Your objective:
All records, minus the pictures: write them out exactly.

Data supplied:
*****

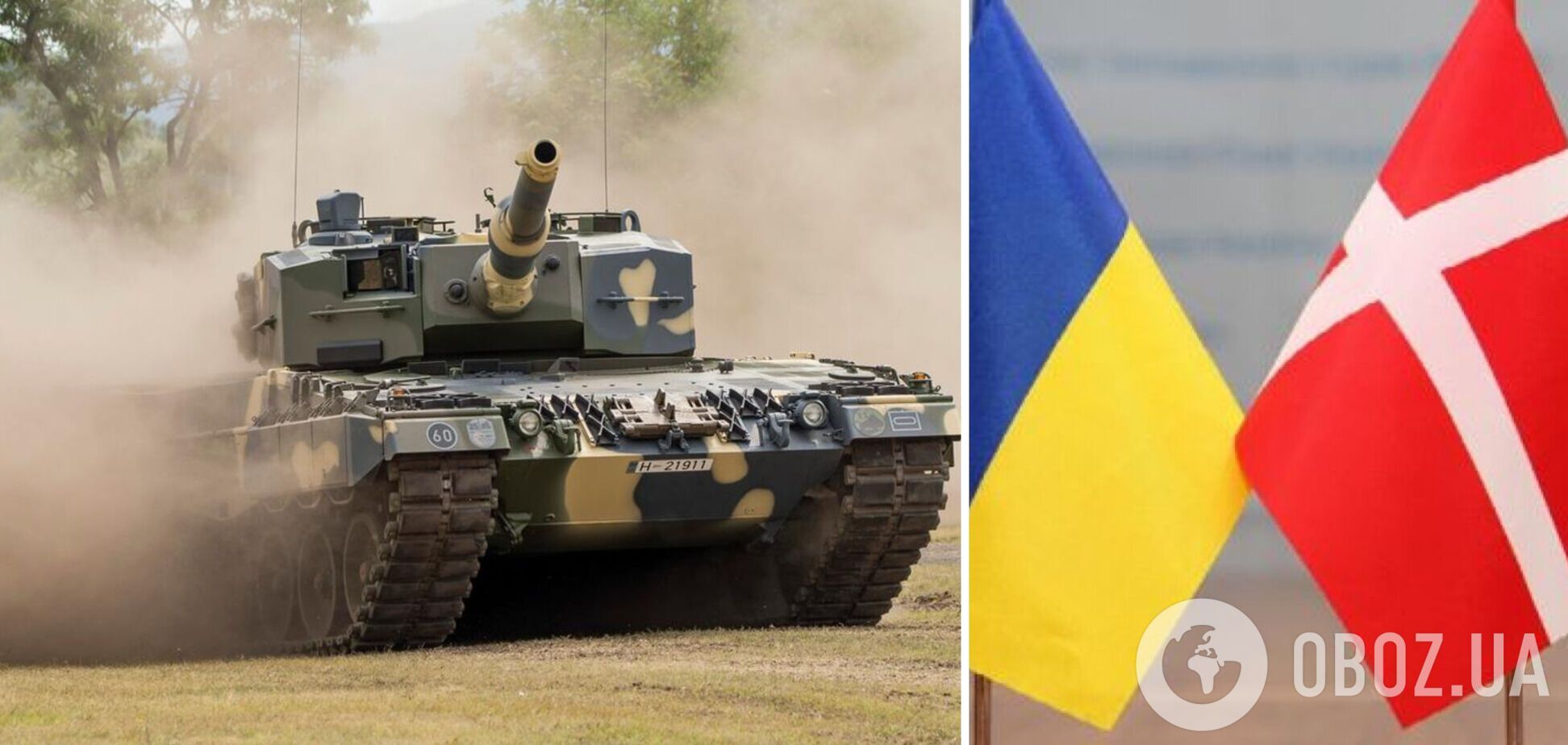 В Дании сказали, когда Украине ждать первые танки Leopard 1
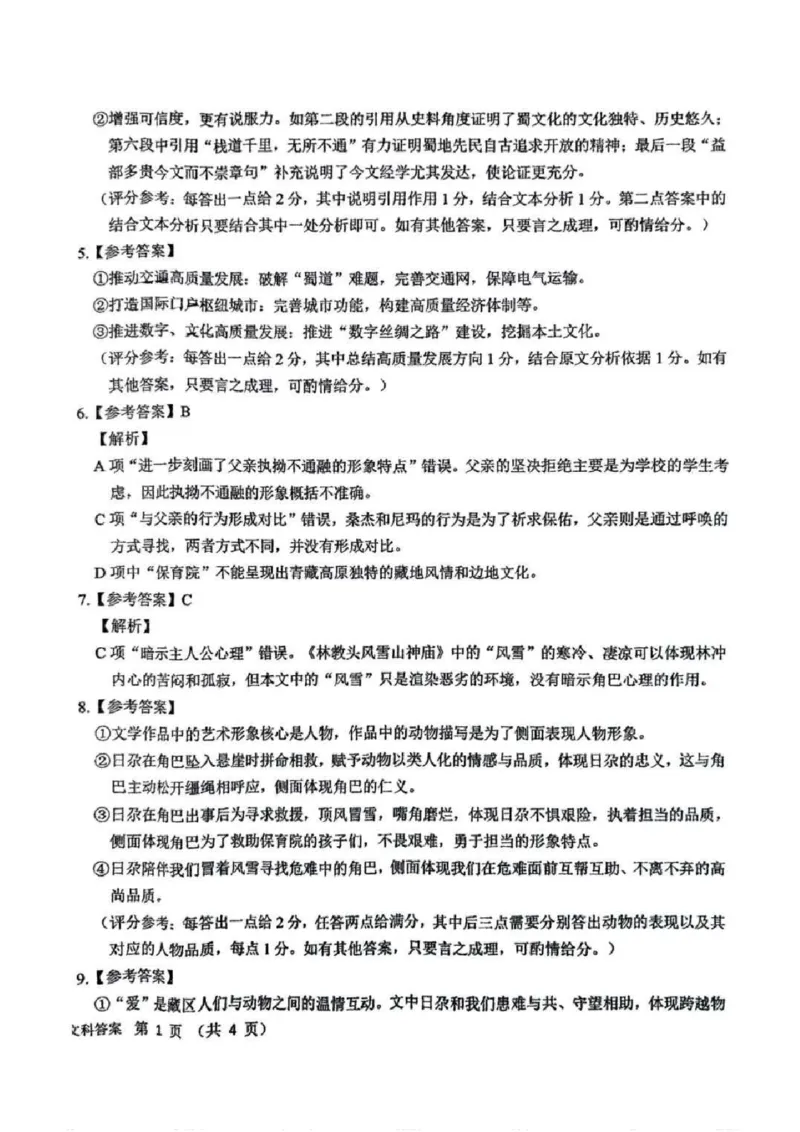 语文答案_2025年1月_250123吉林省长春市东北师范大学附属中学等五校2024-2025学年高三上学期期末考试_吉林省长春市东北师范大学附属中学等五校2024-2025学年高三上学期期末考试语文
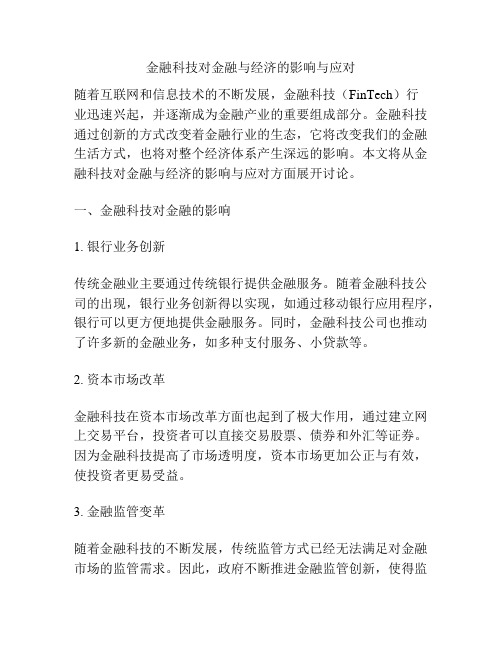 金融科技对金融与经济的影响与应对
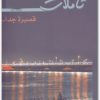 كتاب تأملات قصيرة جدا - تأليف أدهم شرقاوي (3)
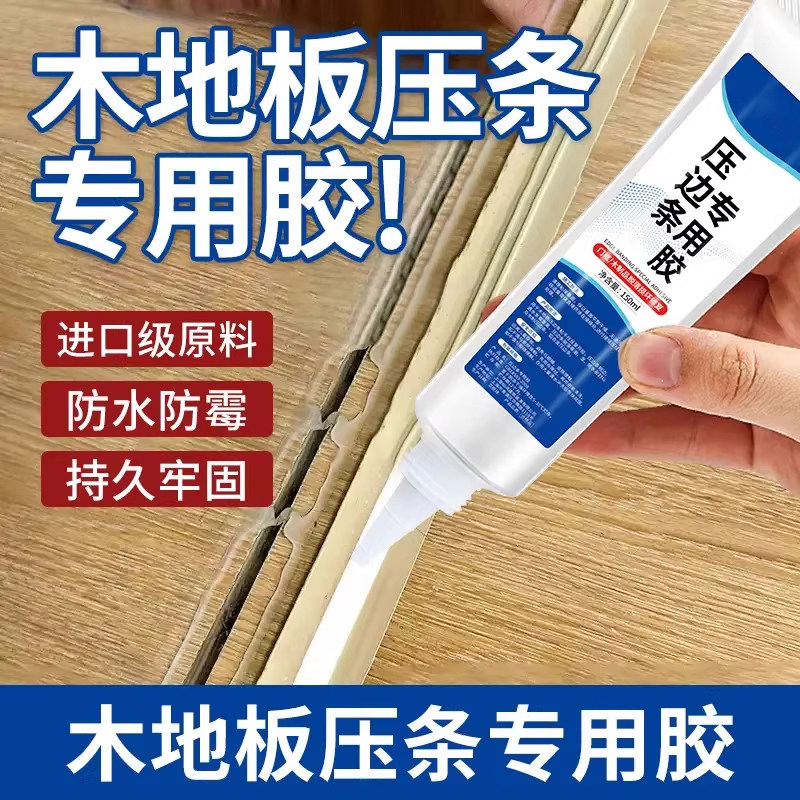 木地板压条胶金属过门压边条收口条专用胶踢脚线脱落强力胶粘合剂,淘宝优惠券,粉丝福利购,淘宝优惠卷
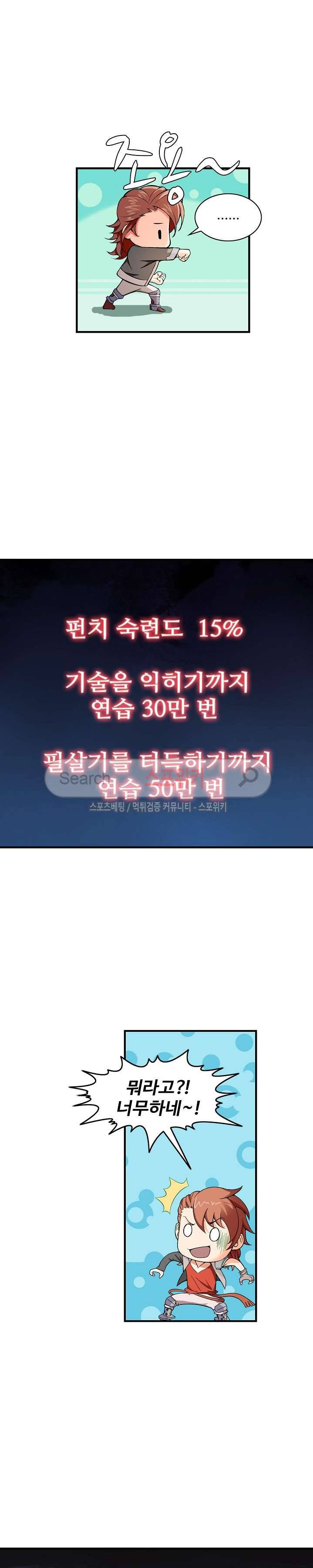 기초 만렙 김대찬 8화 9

*****

Answer space:
 В Дании сказали, когда Украине ждать первые танки Leopard 1
 语文答案_2025年1月_250123吉林省长春市东北师范大学附属中学等五校2024-2025学年高三上学期期末考试_吉林省长春市东北师范大学附属中学等五校2024-2025学年高三上学期期末考试语文
 金融科技对金融与经济的影响与应对
 كتاب تأملات قصيرة جدا - تأليف أدهم شرقاوي (3)
 木地板压条胶金属过门压边条收口条专用胶踢脚线脱落强力胶粘合剂,淘宝优惠券,粉丝福利购,淘宝优惠卷
 기초 만렙 김대찬 8화 9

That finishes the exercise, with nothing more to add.